Sometimes industry growth predictions seem as though the analyst just took a straight line and stretched it up and to the right to indicate exponential growth. A current example is the global cloud market, which is predicted to become a $1.5 trillion opportunity, growing at a compound annual rate of nearly 16% through 2030.

In this case, current predictions might actually hit their mark. There are massive forces behind this market's expansion that could push it to these heights, such as the continuous growth in the number of businesses moving their data to the cloud. They're going to need the infrastructure to enable the transfer as well as the capabilities to access, maintain, and analyze it.

And it's going to require corporate IT budgets to swell to meet the challenge, which is why the two stocks below are among the best cloud stocks to buy in July.

Person holding digital cloud and services in hand.

Image source: Getty Images.

1. Amazon

These days, Amazon (AMZN -0.16%) gets as much recognition for its cloud business, Amazon Web Services (AWS), as it does for its e-commerce operations. It might be better known for the latter, but AWS has been the power and profit center driving Amazon's growth for a while now.

Revenue in the cloud business jumped 37% last year, hitting $62 billion as more customers used more of its services -- and this pace shows no sign of slowing. Revenue was up another 37% in the first quarter of this year and will likely expand as AWS increases its own capabilities. 

Amazon has launched 16 "local zones" or what it says is a type of infrastructure deployment that puts storage, database, and other AWS services closer to large population, industry, or information technology centers.

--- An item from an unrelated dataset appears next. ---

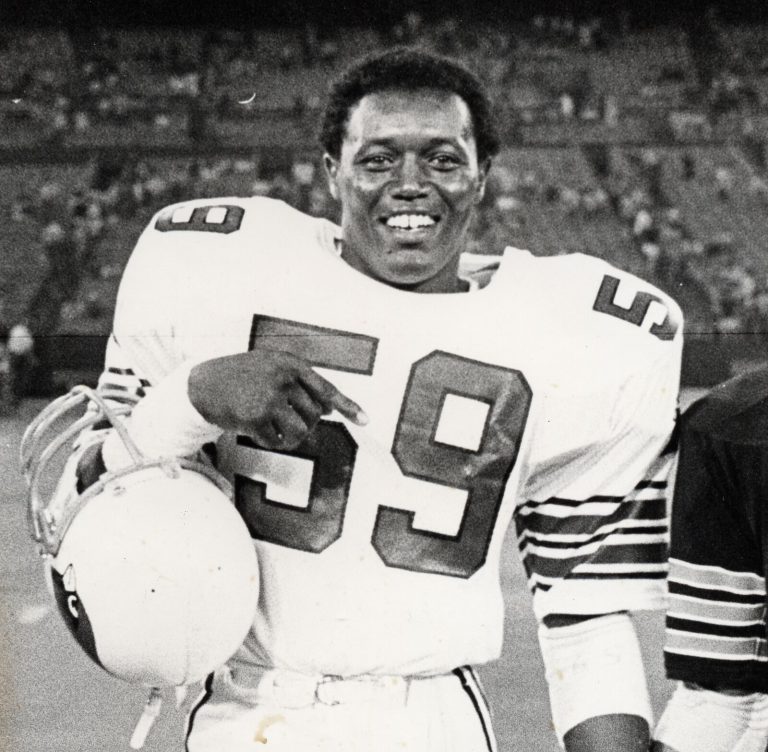 Thomas Howard smiling in a No. 59 Cardinals jersey while carrying a helmet, in a black-and-white photo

This will help AWS customers build applications that globally deliver split-second latency -- or the time it takes for a packet of data to travel from source to a destination -- at the edge of the cloud, critical services for streaming video, online gaming, and augmented and virtual reality.

AWS is already the dominant cloud-infrastructure leader with a 33% share of the market, while Microsoft's Azure is further back with a 21% share, and Alphabet's Google Cloud is a distant third with an 8% share.

With Amazon's stock down 30% this year and off 40% from its high, this represents a discounted opportunity (with an e-commerce kicker to juice results) as Wall Street estimates the tech giant will grow earnings at a 40% clip over the next five years.

2. Snowflake

Snowflake (SNOW -1.10%) might seem like just another data warehousing stock, but it actually has a competitive edge because it breaks down the silos between computing and storage. Its advanced platform automatically scales so that customers are only paying for the workload they need, unlike most other providers who scale based on the largest workload.

All of this means that its customers save money. Snowflake allows its customers to warehouse their data in one place while right-sizing their computing needs independently. The company's technology is built on top of various popular cloud services, enabling companies to share their data even if they're not using the same infrastructure service providers.

Business is growing, and dramatically so. Snowflake's revenue more than doubled last year to $1.14 billion, generating an adjusted profit margin of 74%. It also is not taking a breather as first-quarter revenue was up 85% year over year, while its net revenue retention rate (or how much more a customer spends with the company than in a previous period) was 174%, on par with the 178% rate it recorded for all of 2021.

Snowflake has lost over half its value this year, but with analysts forecasting revenue growing from $1.2 billion last year to $10.2 billion in 2027 -- or a 53% compound annual rate -- there's plenty of long-term upside ahead.